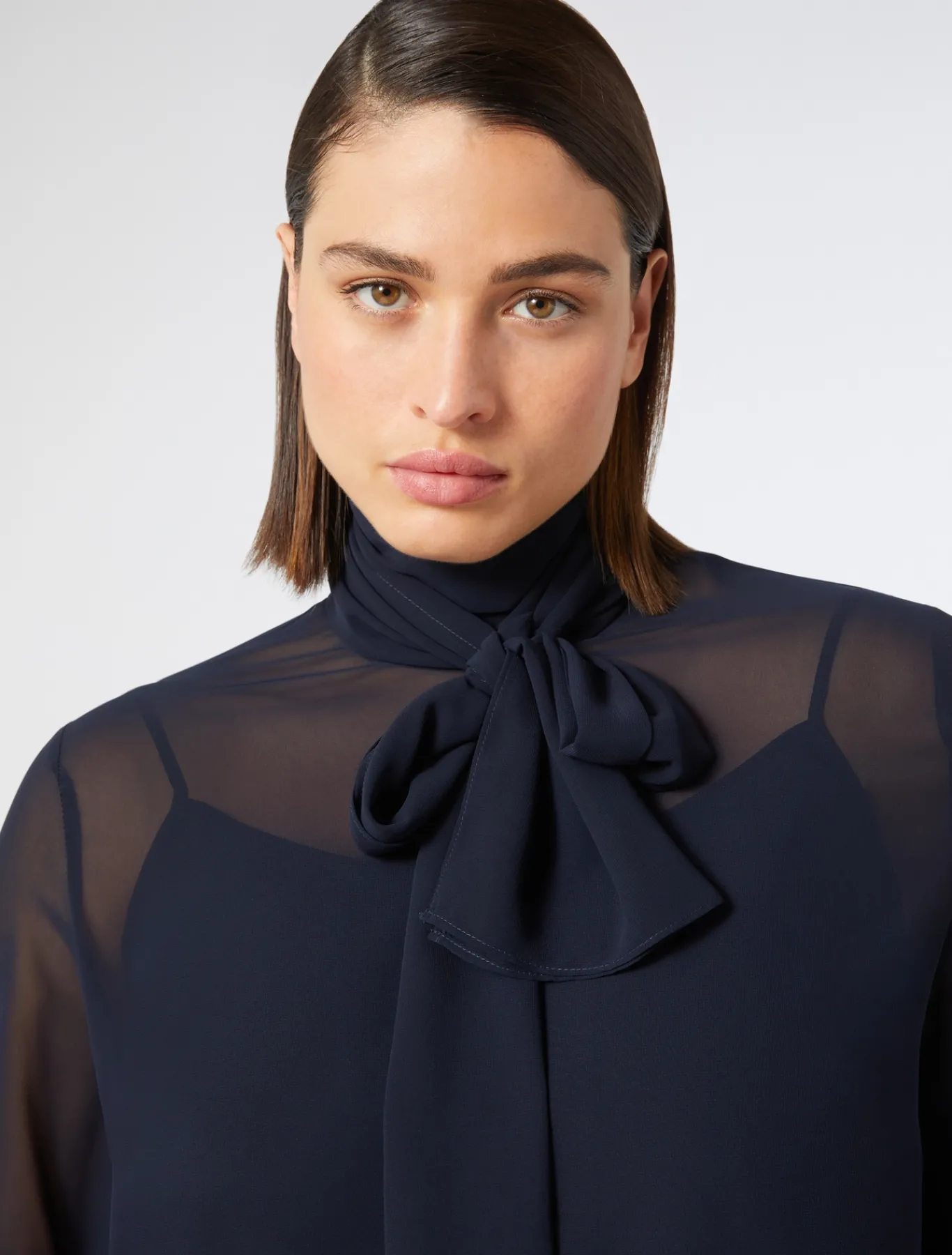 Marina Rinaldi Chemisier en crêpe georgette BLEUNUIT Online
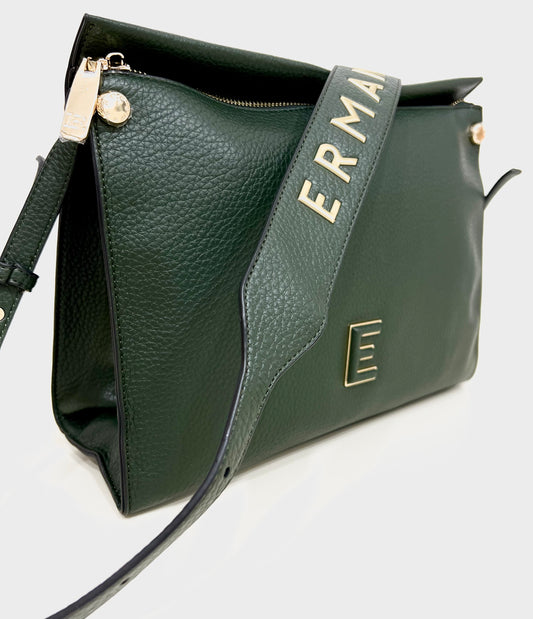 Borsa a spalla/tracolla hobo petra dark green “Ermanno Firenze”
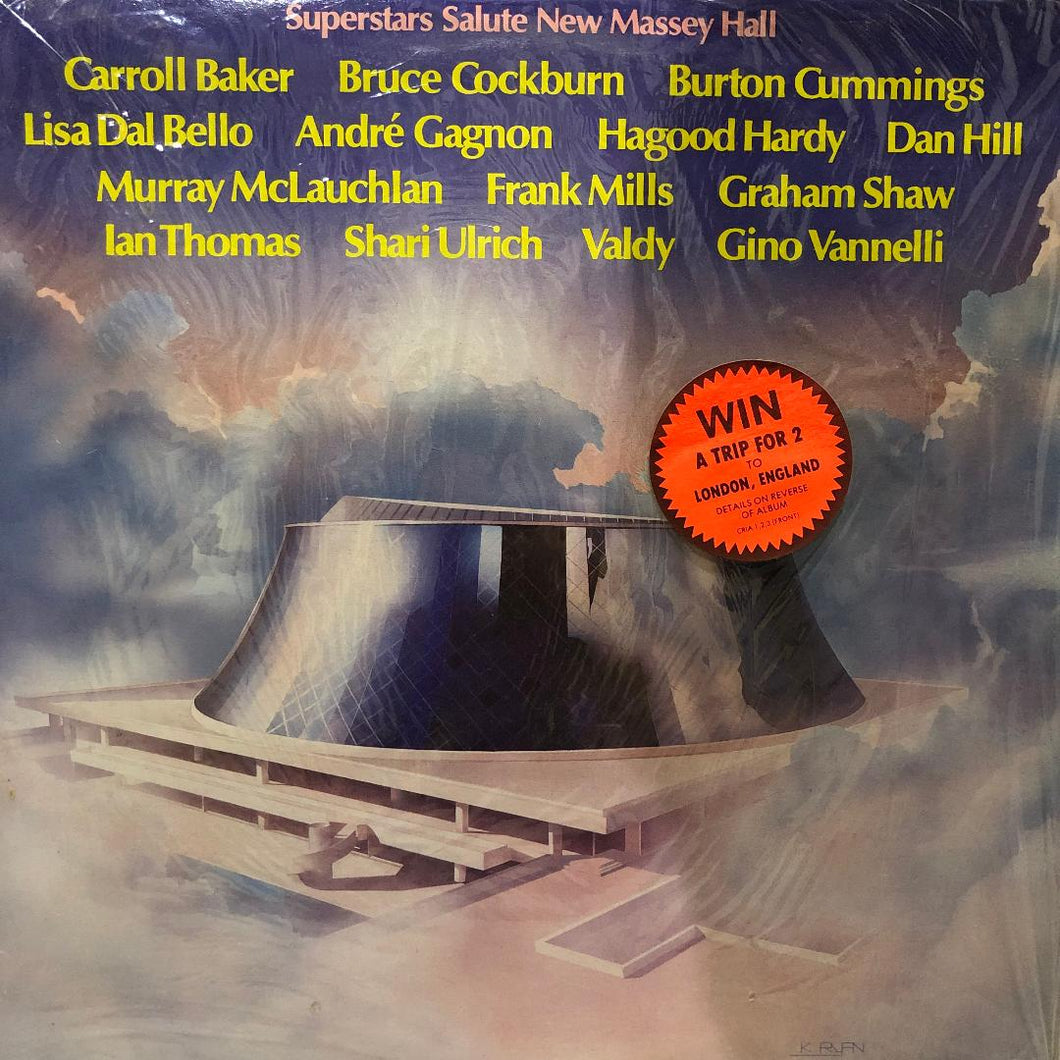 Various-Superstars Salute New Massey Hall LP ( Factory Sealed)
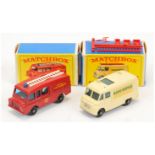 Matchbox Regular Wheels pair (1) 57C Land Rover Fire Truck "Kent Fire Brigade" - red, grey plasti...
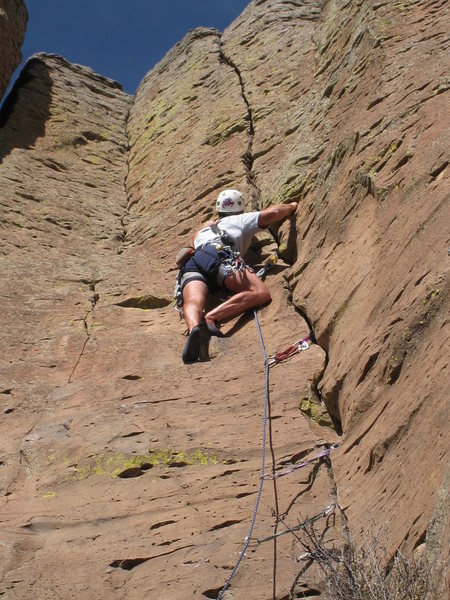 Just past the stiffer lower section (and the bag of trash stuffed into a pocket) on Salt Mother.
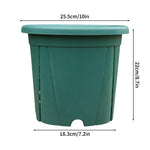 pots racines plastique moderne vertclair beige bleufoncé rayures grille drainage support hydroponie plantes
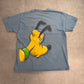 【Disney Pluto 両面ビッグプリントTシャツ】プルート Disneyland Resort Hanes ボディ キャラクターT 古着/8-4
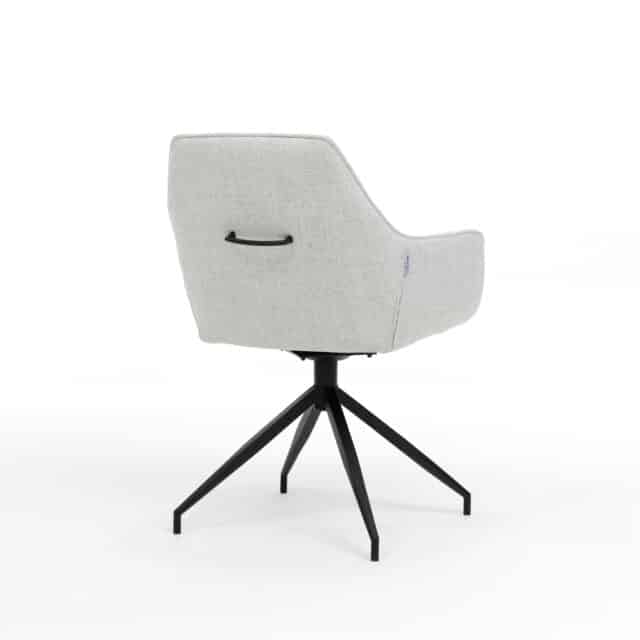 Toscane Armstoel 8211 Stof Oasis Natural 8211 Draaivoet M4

§

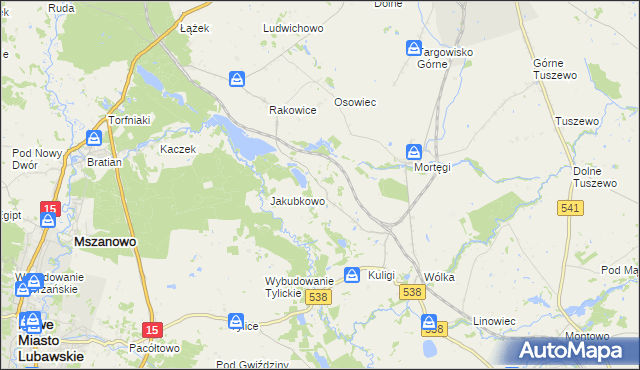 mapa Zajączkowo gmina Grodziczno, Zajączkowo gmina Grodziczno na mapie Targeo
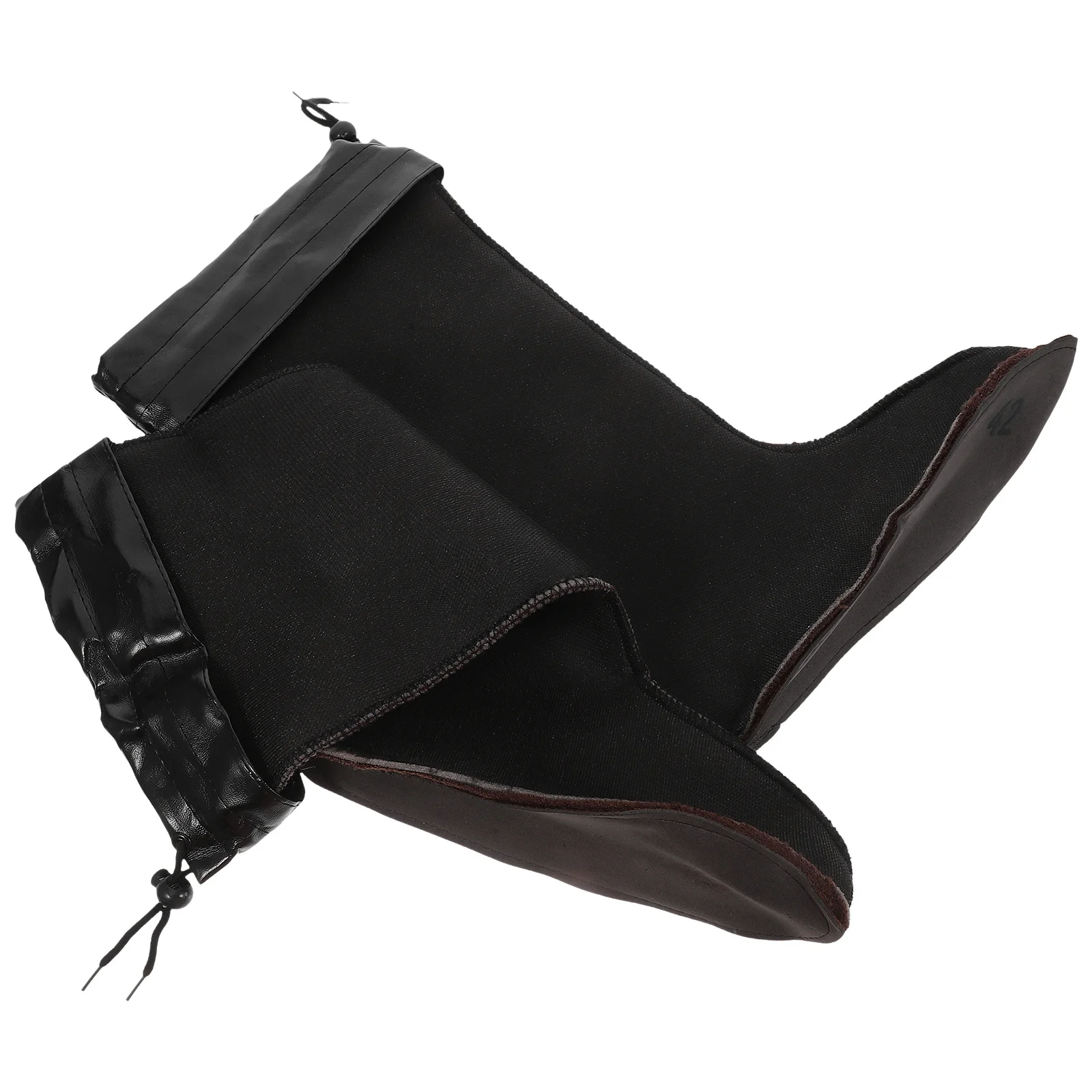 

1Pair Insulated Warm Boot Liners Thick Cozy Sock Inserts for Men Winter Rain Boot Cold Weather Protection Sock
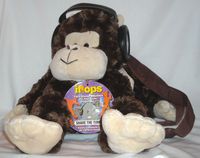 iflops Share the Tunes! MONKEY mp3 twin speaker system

§

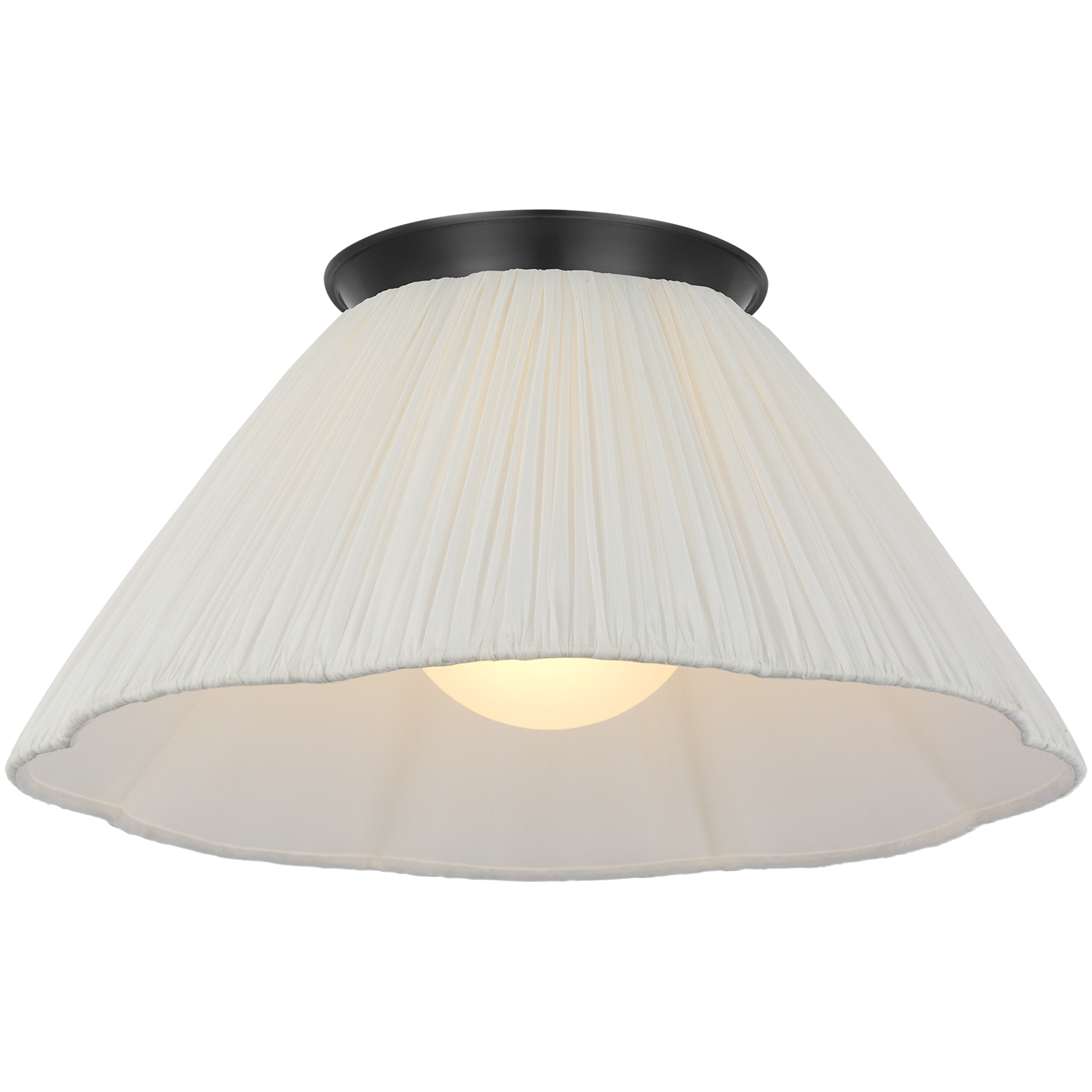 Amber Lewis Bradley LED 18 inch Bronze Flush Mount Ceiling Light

§

→ What needs to be done: Please set down, exactly and with no pictures, the lines in the entries above starting at the one holding "ボディ キャラクターT 古着/8-4" and ending at the one holding "Toscane Armstoel 8211", ends included.

→ Task response:
 【Disney Pluto 両面ビッグプリントTシャツ】プルート Disneyland Resort Hanes ボディ キャラクターT 古着/8-4
 Toscane Armstoel 8211 Stof Oasis Natural 8211 Draaivoet M4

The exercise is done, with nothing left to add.